Resolution 104E calls on jurisdictions to adopt rules preventing and addressing gender-based workplace violence, including sexual harassment, pregnancy discrimination, discrimination on the basis of sexual orientation or gender identity, and discrimination on the basis of domestic violence victimhood. It also asks employers to adopt robust policies against workplace gender violence.

Resolution 106A condemns “the harassment, arbitrary arrest and detention, arbitrary disbarment, denial of due process, other ill-treatment and killings of judges, lawyers, other members of the legal profession and their extended families throughout the world for serving in their designated capacities.”

Resolution 106B recognizes groups outside the legal profession for the “important role that nonlawyer human rights defenders, journalists and others play in protecting justice and the rule of law” and saying the ABA “deplores attacks on those professions, as well as on individuals, aimed at silencing or intimidating human rights voices.”

Resolution 118 supports transgender service members in the military and calls on the federal government “to recognize that service by persons who otherwise meet the standards for accession or retention, as applicable, in the United States Armed Forces should not be restricted, and transgender persons should not be discriminated against, based on gender identity.”

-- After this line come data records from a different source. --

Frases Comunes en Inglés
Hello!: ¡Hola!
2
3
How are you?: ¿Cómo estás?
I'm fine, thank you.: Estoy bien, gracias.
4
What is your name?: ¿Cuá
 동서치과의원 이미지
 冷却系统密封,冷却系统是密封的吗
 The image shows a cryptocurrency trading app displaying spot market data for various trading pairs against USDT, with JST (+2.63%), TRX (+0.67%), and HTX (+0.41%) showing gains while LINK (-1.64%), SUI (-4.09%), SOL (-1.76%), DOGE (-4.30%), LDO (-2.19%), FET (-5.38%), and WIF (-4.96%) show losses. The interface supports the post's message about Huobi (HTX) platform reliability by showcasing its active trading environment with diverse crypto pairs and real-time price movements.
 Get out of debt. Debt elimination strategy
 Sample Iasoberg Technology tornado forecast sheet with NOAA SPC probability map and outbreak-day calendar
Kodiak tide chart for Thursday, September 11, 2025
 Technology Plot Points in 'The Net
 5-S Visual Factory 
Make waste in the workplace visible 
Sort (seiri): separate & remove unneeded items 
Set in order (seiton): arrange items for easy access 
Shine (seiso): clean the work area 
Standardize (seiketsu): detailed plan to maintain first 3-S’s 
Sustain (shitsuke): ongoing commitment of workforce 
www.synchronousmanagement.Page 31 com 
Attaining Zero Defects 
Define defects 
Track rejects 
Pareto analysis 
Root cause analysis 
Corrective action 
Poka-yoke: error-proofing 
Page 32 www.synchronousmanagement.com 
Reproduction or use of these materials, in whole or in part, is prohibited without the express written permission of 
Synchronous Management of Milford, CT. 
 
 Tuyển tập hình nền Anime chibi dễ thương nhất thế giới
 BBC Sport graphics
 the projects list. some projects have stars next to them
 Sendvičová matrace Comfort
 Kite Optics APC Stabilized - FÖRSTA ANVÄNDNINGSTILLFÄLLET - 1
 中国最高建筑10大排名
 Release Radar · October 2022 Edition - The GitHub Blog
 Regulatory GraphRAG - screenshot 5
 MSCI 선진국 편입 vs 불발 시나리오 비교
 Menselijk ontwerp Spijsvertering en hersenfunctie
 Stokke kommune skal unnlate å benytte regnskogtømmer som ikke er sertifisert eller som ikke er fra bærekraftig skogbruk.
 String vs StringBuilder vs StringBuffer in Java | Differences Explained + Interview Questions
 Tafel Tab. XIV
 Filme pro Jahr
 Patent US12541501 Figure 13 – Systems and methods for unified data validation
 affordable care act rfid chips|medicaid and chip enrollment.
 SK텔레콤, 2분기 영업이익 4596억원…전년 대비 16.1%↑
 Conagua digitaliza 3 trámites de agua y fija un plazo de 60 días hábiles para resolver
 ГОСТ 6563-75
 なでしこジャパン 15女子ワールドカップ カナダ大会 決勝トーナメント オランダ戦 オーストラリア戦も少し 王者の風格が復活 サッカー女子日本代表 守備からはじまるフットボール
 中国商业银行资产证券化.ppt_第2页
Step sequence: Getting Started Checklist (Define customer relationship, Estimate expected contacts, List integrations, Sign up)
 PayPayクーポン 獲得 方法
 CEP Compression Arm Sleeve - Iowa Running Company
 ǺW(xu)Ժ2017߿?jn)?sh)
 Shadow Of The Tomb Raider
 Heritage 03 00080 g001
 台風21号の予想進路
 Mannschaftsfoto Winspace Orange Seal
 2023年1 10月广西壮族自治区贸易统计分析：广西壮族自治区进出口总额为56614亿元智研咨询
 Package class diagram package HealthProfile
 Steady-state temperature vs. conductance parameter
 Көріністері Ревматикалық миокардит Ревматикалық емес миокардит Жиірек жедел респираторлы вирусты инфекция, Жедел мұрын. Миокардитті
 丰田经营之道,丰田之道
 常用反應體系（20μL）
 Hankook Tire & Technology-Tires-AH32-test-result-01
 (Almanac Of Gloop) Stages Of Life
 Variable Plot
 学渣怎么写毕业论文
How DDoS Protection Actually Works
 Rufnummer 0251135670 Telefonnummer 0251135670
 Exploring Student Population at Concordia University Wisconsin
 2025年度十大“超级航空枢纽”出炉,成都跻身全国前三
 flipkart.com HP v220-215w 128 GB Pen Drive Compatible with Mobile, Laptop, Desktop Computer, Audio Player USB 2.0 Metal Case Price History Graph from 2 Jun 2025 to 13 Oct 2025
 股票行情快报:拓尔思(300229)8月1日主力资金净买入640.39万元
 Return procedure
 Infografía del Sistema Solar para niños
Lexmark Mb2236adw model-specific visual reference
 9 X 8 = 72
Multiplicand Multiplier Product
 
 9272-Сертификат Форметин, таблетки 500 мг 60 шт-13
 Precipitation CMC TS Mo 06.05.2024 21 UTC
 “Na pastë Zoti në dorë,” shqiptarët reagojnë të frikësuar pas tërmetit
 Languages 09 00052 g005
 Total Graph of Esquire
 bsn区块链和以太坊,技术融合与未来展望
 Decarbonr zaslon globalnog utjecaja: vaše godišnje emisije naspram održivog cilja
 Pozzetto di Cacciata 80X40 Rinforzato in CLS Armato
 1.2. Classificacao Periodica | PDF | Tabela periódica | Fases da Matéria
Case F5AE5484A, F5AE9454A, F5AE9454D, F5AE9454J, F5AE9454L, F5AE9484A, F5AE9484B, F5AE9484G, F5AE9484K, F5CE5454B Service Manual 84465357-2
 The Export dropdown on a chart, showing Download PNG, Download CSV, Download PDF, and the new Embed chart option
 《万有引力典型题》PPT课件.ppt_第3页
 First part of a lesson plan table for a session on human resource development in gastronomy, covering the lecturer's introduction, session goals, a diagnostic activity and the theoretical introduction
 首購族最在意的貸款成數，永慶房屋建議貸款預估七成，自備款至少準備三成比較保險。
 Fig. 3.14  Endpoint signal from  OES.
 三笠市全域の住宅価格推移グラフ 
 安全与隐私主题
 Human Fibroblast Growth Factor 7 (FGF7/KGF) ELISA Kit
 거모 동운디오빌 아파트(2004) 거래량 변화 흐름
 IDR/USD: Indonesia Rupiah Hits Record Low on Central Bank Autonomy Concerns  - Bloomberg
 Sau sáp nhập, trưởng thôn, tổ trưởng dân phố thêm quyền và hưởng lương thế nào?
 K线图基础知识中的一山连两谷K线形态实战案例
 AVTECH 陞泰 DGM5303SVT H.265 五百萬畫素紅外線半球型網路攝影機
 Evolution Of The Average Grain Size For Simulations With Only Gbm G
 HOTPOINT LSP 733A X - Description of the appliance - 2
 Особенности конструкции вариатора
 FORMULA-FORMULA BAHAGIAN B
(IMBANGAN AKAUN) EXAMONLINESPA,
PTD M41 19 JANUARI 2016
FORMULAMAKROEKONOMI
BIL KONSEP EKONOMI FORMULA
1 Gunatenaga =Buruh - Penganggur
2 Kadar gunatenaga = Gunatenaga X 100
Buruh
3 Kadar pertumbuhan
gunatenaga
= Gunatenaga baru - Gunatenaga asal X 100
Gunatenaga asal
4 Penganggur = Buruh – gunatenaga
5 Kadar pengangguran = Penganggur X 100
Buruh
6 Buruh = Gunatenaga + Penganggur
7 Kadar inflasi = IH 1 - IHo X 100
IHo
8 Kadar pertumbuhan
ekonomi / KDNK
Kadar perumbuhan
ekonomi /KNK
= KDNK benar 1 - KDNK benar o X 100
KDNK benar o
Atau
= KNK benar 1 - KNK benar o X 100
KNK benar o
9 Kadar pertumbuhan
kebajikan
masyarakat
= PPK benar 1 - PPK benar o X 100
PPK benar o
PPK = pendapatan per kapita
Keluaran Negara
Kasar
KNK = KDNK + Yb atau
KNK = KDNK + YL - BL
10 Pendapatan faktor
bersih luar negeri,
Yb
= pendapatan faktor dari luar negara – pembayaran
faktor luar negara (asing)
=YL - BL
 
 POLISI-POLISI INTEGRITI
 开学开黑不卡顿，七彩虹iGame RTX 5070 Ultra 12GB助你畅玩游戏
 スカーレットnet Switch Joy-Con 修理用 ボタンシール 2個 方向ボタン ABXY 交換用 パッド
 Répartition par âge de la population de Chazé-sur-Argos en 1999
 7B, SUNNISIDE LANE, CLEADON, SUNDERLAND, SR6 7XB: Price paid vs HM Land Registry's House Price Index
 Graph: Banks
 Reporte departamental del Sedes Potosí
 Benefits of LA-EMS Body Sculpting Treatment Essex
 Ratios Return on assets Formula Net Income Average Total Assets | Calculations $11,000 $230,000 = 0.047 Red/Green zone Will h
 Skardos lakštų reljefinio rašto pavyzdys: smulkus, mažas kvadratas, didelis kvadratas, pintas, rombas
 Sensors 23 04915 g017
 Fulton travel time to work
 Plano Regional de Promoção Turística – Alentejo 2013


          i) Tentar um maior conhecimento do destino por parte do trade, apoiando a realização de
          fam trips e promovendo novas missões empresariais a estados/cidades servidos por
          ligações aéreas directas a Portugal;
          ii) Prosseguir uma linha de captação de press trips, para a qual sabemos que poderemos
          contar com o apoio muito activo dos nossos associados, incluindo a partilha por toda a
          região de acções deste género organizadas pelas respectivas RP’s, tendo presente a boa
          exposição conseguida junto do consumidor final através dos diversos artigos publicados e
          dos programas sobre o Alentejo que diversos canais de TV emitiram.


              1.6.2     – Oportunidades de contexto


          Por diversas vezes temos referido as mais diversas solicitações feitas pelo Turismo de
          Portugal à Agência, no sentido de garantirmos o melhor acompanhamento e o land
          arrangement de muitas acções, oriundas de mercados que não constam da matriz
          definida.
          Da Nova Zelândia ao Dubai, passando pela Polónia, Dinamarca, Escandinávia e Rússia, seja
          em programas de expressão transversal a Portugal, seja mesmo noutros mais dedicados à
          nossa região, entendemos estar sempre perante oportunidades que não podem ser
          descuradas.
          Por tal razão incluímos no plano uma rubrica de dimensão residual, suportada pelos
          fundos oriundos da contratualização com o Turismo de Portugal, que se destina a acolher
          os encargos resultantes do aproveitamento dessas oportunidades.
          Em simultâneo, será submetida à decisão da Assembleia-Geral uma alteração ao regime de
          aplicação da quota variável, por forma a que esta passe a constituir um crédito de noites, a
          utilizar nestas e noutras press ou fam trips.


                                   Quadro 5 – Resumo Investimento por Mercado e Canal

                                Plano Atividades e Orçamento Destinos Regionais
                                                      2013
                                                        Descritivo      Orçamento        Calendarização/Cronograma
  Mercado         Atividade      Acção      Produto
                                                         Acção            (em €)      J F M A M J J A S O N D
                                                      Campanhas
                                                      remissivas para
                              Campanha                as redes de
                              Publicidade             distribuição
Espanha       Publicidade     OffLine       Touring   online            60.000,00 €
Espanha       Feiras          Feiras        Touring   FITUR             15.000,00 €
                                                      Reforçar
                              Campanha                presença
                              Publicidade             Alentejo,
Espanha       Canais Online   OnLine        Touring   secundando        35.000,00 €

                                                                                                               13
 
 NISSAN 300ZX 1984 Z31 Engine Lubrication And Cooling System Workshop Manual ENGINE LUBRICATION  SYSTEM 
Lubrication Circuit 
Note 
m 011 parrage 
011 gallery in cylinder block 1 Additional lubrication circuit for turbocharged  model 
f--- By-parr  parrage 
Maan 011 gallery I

Resolution 113 offers model rules of conduct for administrative law judges and urges jurisdictions to adopt ethical principles consistent with those model rules. State ALJs aren’t covered by judicial conduct rules for judicial-branch judges, but many states don’t have adequate rules for protecting their independence, North Carolina chief administrative law judge Julian Mann III told the House. Mann said ALJs are subject to executive-branch control, which puts them outside the ambit of state judicial conduct codes and makes them vulnerable to inappropriate interference from executive-branch officials. Most often, ethical rules that apply to lawyers apply to ALJs, he said, even though they’re not designed for people in judicial roles.


This article was published in the October 2018 ABA Journal magazine with the title "A Busy 2 Days."